Título: Projeto tirou 10 mil famílias da coca
Autor: Lourival Sant'Anna
Fonte: O Estado de São Paulo, 11/06/2006, Internacional, p. A14,15

Parceria entre agência da ONU, governo e setor privado introduziu 30 produtos rentáveis para camponeses

Em todas as partes do mundo, substituição de cultivos ilícitos tem sido historicamente sinônimo de fracasso. Quando muito, os programas oficiais oferecem sementes, assistência técnica, insumos e crédito para os agricultores trocarem suas plantações de coca por lavouras tradicionais de milho, mandioca, etc. Quando dá tudo certo e conseguem vender, os camponeses recebem dez vez ou menos do que ganhariam com a coca - que tem preço e comprador garantidos.

O francês Thierry Rostan, do Escritório das Nações Unidas contra a Droga e o Crime (UNODC), está mudando essa história. Responsável por relações com o setor privado e levantamento de fundos desde 1999, Rostan conduz uma parceria entre camponeses, governo colombiano, países doadores e setor privado que já fez 10 mil famílias colombianas trocarem a coca por produtos de valor agregado, com venda garantida nas redes de supermercado colombianas ou para exportação. Nesses sete anos, o programa consumiu US$ 10 milhões, doados basicamente por EUA e Itália, e com ajuda também da França, Dinamarca, Suécia, Áustria e Espanha.

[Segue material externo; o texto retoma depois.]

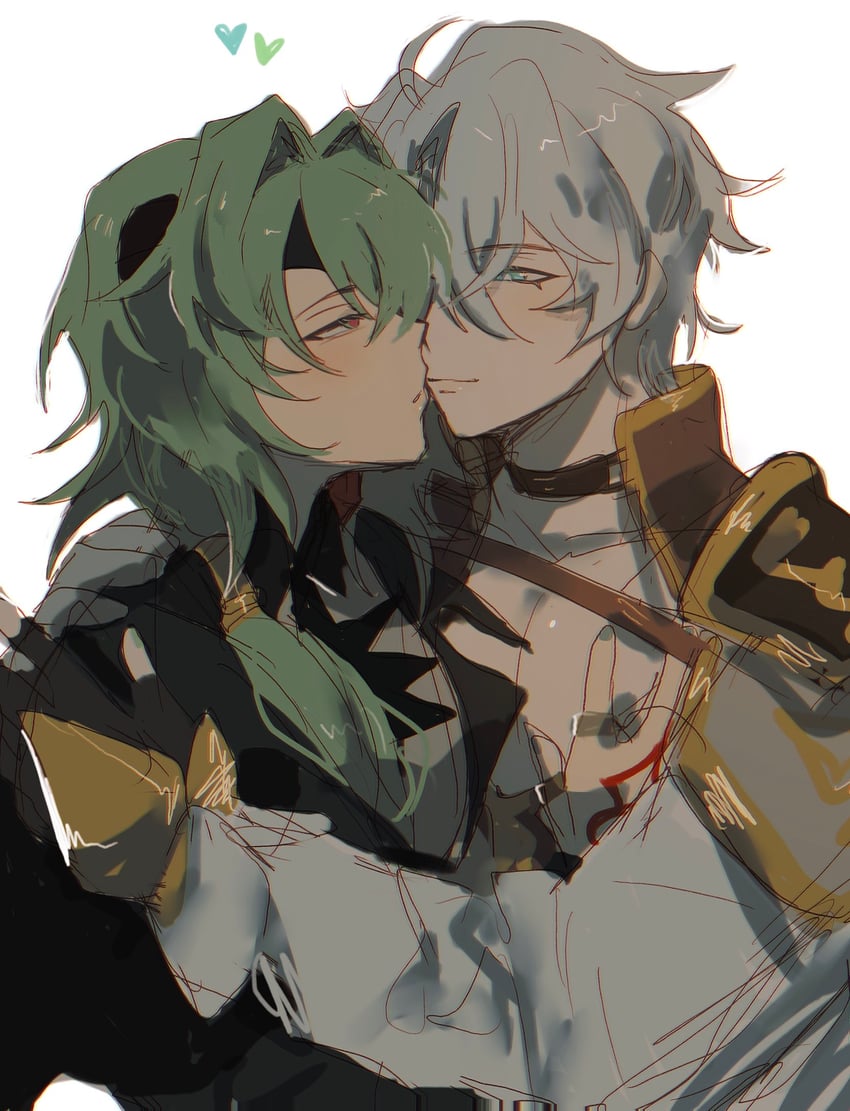 phainon and anaxa (honkai and 1 more) drawn by myotaron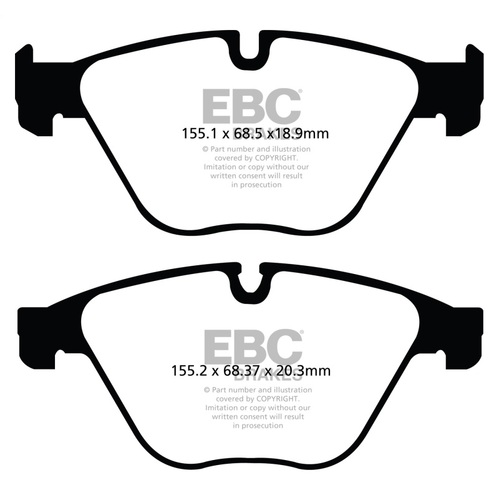 EBC Brake Pads [DP32103C] for 10+ BMW 535i 3.0 Turbo (F10) Redstuff Front 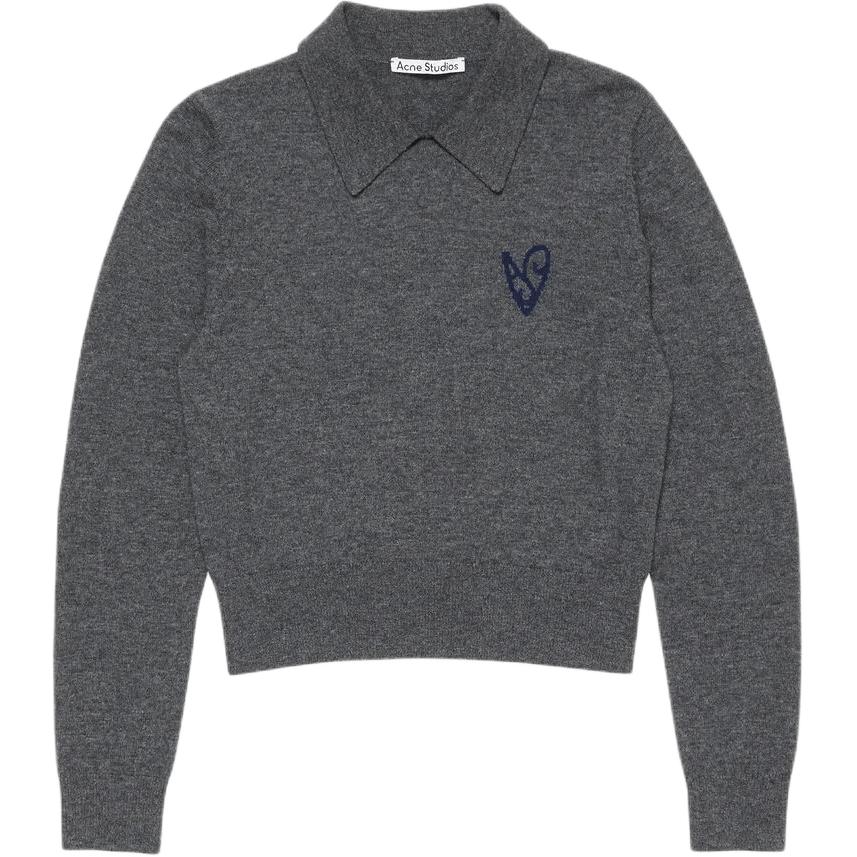 Джемпер Heart motif Polo collar Top Acne Studios, серый
Джемпер Heart motif Polo collar Top Acne Studios, серый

Os dois diferenciais do programa dirigido por Rostan são esses: os camponeses não se dedicam só a produtos agrícolas primários, de baixo valor, mas com qualidade e beneficiamento, graças a usinas construídas com dinheiro do programa; e, quando se lançam na produção, já têm comprador certo. "O narcotraficante chega para o camponês e diz: 'Garanto a compra da sua coca, porque tenho mercado'", descreve o funcionário do UNODC, que ocupa um edifício de cinco pavimentos no bairro de classe alta de Chicó, em Bogotá - um dos 121 bens confiscados do narcotraficante Efraín Antonio Hernández, do Cartel de Cali, morto em 1996. "Usamos a mesma estratégia. É uma solução de mercado."

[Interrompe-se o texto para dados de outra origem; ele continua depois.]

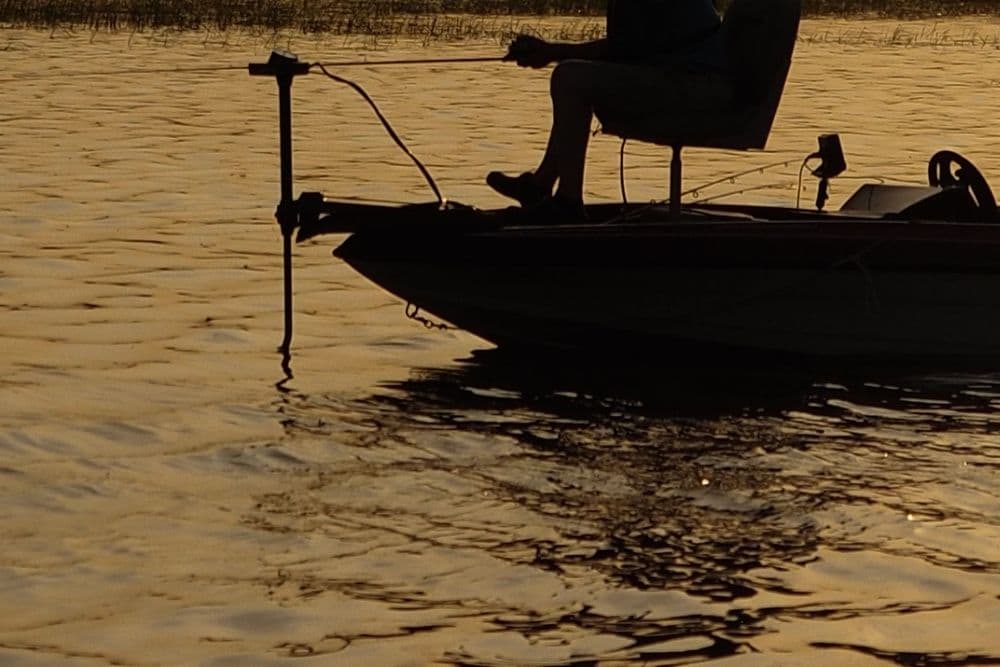 a trolling motor vibrates while fishing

São cerca de 30 produtos, que vão de madeira e borracha a café gourmet, jóias feitas de coco e roupas interiores, passando por iogurte com frutas amazônicas e chocolate em barra, espalhados por 11 Departamentos (Estados) do país (ver mapa na página ao lado). Alguns deles, como o café gourmet e o palmito em conserva, são exportados para a Europa. A parceria começou com a rede francesa Carrefour, com a qual Rostan tinha mais proximidade. Hoje, as três maiores cadeias de supermercado colombianas também participam.

"Começamos a vender feijão a granel, depois em sacos para supermercados, depois em lata, com toucinho", conta o francês. "Hoje, estamos competindo com a marca nacional sem problemas." Inicialmente, ele negocia preços e condições de entrega com os supermercados. Com o tempo, os produtores se habituam e fecham os negócios diretamente. Os supermercados, que fazem marketing com o valor social da substituição de cultivos, oferecem condições especiais a esses camponeses. Os produtos são livres de impostos. No ano passado, as vendas somaram US$ 6 milhões. A meta, este ano, é que alcancem US$ 10 milhões.

Inquieto, Rostan urde planos maquiavélicos. "Você, como brasileiro, não vai gostar disso", brinca ele, tirando da prateleira uma sandália Havaianas, com as cores e bandeira do Brasil. "Vamos fazer uma sandália dessas, misturando borracha com frutas amazônicas, 70% sintética e 30% natural, com bandeira da Colômbia e um selo da paz." O slogan do marketing será algo do tipo: Caminhando para a paz.

A também francesa Michelin está assistindo na melhoria da qualidade da borracha. A suíça Nestlé investiu em tanques de armazenamento de leite, e recebe em produção. "Todos saem ganhando", entusiasma-se Rostan, cuja equipe tem apenas 12 integrantes. A mudança na vida dos camponeses, diz ele, é visível. O francês se lembra de um camponês no Sul de Bolívar que, quando conheceu, não tinha eletricidade nem água. Hoje gerente de produção de chocolate e feijão, anda de terno e os filhos estão na universidade.

Segundo Rostan, não há registro de represália dos narcotraficantes, da guerrilha e dos paramilitares, por eles financiados, contra os camponeses, ou de tentativa de forçá-los a voltar a plantar coca. A razão disso é que os arranjos produtivos envolvem associações de camponeses, não indivíduos. "Eles não têm coragem de ir contra uma comunidade inteira."